In de motie Blanksma-Spekman c.s. heeft de Tweede Kamer de regering gevraagd om gemeenten financieel af te rekenen door een korting op de algemene uitkering uit het gemeentefonds, als die onvoldoende bijdragen aan de rijksdoelstelling om het aantal kinderen uit arme gezinnen dat vanwege financiële redenen maatschappelijk niet meedoet, met de helft terug te dringen. Bij de uitvoering van deze motie heeft de regering gekozen voor een uitwerking die recht doet aan het uiteindelijke doel van
de motie, namelijk in de Wet werk en bijstand gemeenteraden voor te schrijven dat zij gehouden zijn een verordening op te stellen met betrekking tot het verlenen van categoriale bijzondere bijstand voor de kosten in verband met maatschappelijke participatie van ten laste komende kinderen die onderwijs of een beroepsopleiding volgen. Voorts dient invulling te worden gegeven aan het begrip maatschappelijke participatie. Deze vorm van categoriale bijzondere bijstand kan alleen worden verstrekt aan personen met een inkomen van maximaal 110% van de van toepassing zijnde bijstandsnorm. Kinderen moeten in hun kansen en mogelijkheden op ontwikkeling niet worden belemmerd door de slechte financiële positie van hun ouders. Maatschappelijke participatie van een kind is van groot belang met het oog op zijn of haar kansen op een zelfredzame toekomst. Alhoewel de regering er vanuit gaat dat de meeste ouders zich inzetten voor een goede toekomst voor hun kind, wil de regering voorkomen dat deze specifieke ondersteuning voor andere zaken kan worden aangewend. Om die reden acht de regering het wenselijk om de categoriale bijzondere bijstand aan deze groep in
natura en niet als geldbedrag uit te keren. De thans voorliggende “Verordening bevordering van maatschappelijke participatie schoolgaande kinderen gemeente Waalwijk 2012” gaat van beide tegemoetkomingen uit en gaat er vanuit dat de huidige gemeentelijke armoedevoorzieningen voldoende voorzien in de wensen van de regering. Hiermee wordt voldaan aan de opgelegde verordeningsplicht. Op grond van de Verordening participatie schoolgaande kinderen gemeente Waalwijk 2012 bestaat er namelijk via:
regeling Sport- en activiteitenwijzer: een tegemoetkoming van maximaal € 75,-- voor ieder kind in de leeftijd 0 tot en met 17 jaar voor een activiteit in verenigingsverband. Daarnaast is er een vergoeding van maximaal € 45,-- voor de aanschaf van sportkleding of materiaal. Voor deze regeling geldt een maximum van 2 activiteiten per kalenderjaar.
De effecten van de verordeningsplicht op de participatie van de betreffende doelgroep worden na twee jaar door het rijk geëvalueerd. Vervolgens vindt een beoordeling plaats of het wel of niet wenselijk is om structureel te blijven verplichten om op het beleidsterrein van participatie van kinderen, regels in een verordening vast te leggen.
In dit artikel worden definities gegeven van begrippen die in de verordening voorkomen en waarvan het van belang is dat er telkens hetzelfde onder wordt verstaan.
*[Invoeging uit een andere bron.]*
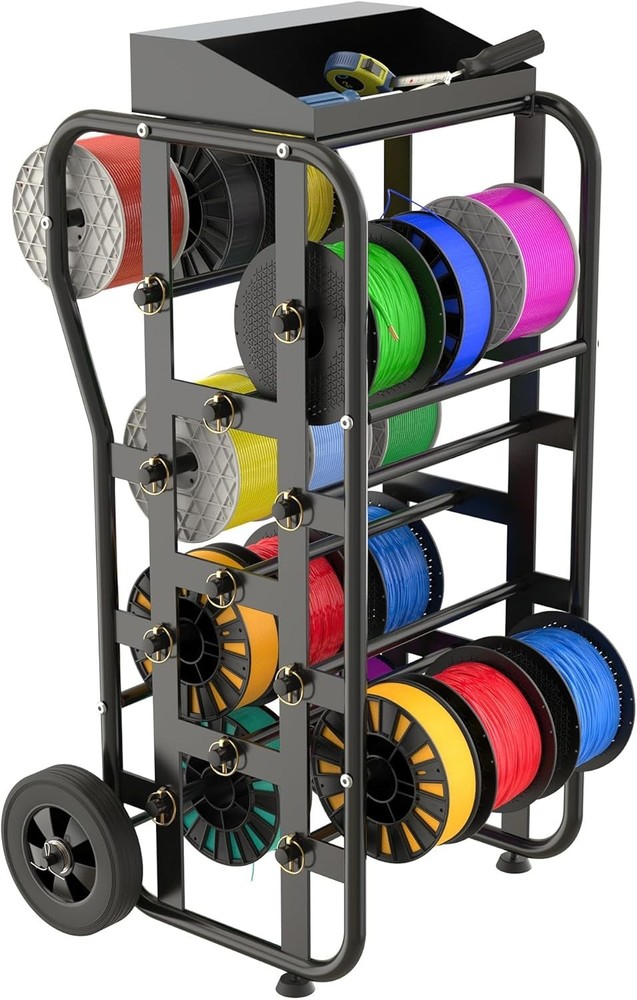 Wire Spool Rack with Wheels, Heavy Duty Cable Caddy & Wire Dispenser Organize...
In een aantal gevallen wordt verwezen naar definities in de wet om ervoor te zorgen, dat er zoveel mogelijk aansluiting blijft bij de wetgeving die van toepassing is.
Hiermee is de opdracht aan het college verwoord. Het college zet zich in om voorzieningen aan te bieden die bijdragen aan de maatschappelijke participatie.
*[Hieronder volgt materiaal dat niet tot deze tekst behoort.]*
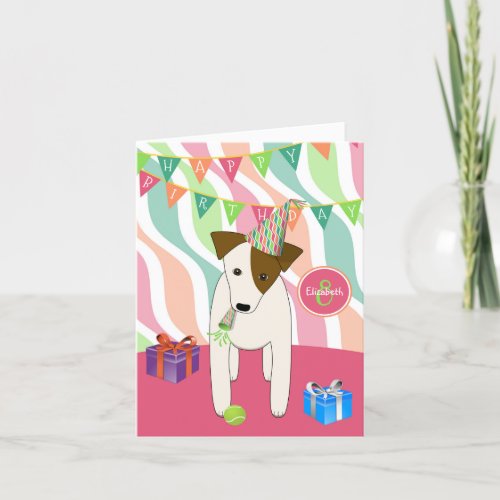 cute party dog cartoon JRT girls happy birthday Card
Bij de keuze voor een materiële invulling van de verordeningsplicht past een bepaling waarin aangegeven wordt welk beleid er wordt gevoerd door de gemeenteraad c.q. aan welk beleid het college en het Dagelijks Bestuur van ISD-ML uitvoering moet geven. Dit beleid wordt in korte schetsen in hoofdlijnen aangeduid.
Middels dit artikel is voor de Verordening participatie schoolgaande kinderen gemeente Waalwijk 2012 deels een passend materieel wettelijk kader gecreëerd, waarmee uitvoering wordt gegeven aan de opdracht van de wetgever in artikel 8, eerste lid, onderdeel g van de wet.
De datum van inwerkingtreding is uiteraard 1 januari 2012. Hoewel in artikel 78v van de wet is opgenomen dat de verordeningsplicht geen structureel karakter heeft, is geen concrete datum genoemd waarop die plicht komt te vervallen. Om die reden is er geen horizonbepaling opgenomen in de verordening.